Passage
Cut off thine heare, O Ierusalem, and cast it away, and take vp a complaint on the hie places: for the Lord hath reiected and forsaken the generation of his wrath.
Cut off thine heare, O Ierusalem, and cast it away, and take vp a complaint on the hie places: for the Lord hath reiected and forsaken the generation of his wrath.
Jeremiah 7:27 Therefore shalt thou speake al these words vnto them, but they will not heare thee: thou shalt also crie vnto them, but they will not answere thee.
Jeremiah 7:28 But thou shalt say vnto them, This is a nation that heareth not the voice of the Lord their God, nor receiueth discipline: trueth is perished, and is cleane gone out of their mouth.
Jeremiah 7:29 Cut off thine heare, O Ierusalem, and cast it away, and take vp a complaint on the hie places: for the Lord hath reiected and forsaken the generation of his wrath.
Jeremiah 7:30 For the children of Iudah haue done euill in my sight, sayth the Lord: they haue set their abominations in the House, whereupon my Name is called, to pollute it.
Jeremiah 7:31 And they haue built the hie place of Topheth, which is in the valley of Ben-Hinnom to burne their sonnes and their daughters in the fire, which I commanded them not, neither came it in mine heart.
The verse centers on "thine", "heare", "ierusalem", "cast", "away", "take", "complaint", and "places". It is saying that the verse draws attention to "thine" and "heare", so its meaning should be read from those terms before moving to application.
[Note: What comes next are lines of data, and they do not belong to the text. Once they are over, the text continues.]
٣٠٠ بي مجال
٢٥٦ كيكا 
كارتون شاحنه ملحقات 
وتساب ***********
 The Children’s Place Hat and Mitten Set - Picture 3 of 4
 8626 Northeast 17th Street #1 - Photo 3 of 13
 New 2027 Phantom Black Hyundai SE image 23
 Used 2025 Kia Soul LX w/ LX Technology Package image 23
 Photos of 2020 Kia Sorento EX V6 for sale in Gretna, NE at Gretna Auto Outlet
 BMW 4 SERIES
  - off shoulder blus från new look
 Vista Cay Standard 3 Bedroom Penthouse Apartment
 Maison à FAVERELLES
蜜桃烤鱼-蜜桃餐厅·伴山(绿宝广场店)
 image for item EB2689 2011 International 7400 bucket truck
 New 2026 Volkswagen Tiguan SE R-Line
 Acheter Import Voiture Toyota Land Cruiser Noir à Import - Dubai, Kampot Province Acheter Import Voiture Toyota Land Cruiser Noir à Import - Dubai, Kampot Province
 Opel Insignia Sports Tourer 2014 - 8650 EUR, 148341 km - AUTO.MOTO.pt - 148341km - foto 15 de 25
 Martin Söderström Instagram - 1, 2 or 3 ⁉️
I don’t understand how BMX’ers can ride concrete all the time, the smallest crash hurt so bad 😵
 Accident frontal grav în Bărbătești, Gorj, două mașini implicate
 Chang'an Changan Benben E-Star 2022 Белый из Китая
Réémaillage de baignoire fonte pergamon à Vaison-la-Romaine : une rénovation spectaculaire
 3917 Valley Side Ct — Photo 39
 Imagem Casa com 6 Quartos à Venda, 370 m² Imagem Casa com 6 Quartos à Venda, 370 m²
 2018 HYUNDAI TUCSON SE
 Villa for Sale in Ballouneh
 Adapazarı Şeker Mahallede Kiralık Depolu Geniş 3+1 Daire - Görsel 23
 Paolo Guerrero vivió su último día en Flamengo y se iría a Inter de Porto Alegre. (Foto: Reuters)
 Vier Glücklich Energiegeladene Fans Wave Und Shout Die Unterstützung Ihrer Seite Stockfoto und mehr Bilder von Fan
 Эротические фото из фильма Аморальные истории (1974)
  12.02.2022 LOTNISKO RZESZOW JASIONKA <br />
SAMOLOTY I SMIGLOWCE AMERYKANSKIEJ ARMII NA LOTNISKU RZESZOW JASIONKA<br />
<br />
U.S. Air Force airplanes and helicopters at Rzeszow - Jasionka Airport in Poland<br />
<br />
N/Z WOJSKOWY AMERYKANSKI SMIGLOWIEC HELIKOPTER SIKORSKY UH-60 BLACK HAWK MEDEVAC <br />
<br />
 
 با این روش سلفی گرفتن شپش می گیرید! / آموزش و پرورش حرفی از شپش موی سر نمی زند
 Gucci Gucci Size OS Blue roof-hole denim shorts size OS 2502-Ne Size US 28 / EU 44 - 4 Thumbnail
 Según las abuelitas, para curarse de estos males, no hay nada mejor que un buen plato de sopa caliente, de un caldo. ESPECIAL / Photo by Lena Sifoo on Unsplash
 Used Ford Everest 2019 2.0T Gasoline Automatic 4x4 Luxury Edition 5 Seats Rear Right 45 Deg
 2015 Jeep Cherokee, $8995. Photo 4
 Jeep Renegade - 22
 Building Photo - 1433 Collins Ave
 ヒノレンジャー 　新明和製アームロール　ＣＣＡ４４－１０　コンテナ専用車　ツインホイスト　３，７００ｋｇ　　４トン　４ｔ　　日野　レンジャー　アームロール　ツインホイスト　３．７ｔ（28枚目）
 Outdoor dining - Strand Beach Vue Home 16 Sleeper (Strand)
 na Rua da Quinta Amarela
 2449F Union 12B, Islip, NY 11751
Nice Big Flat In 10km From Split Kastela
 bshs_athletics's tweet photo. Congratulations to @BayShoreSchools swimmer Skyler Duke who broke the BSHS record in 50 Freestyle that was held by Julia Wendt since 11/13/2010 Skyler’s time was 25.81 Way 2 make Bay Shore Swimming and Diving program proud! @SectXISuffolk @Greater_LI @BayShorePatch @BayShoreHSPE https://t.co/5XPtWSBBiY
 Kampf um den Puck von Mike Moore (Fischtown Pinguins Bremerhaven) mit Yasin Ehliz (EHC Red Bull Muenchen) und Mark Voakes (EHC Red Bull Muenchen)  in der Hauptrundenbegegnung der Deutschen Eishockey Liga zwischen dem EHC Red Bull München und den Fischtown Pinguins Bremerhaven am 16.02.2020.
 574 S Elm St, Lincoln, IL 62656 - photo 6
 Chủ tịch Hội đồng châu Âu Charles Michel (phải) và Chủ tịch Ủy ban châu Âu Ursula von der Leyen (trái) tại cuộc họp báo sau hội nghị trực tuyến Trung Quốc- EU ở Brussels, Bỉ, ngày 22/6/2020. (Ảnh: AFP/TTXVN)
The nearby context moves from verse 28's "But thou shalt say vnto them This..." into verse 30's "For the children of Iudah haue done...", so "thine" and "heare" belong inside that flow. In Jeremiah context, the local focus is covenant, worship, and faithfulness.
A plain takeaway is to answer the verse's own emphasis on "thine" and "heare" with trust shaped by these words, not by a vague optimism outside the passage.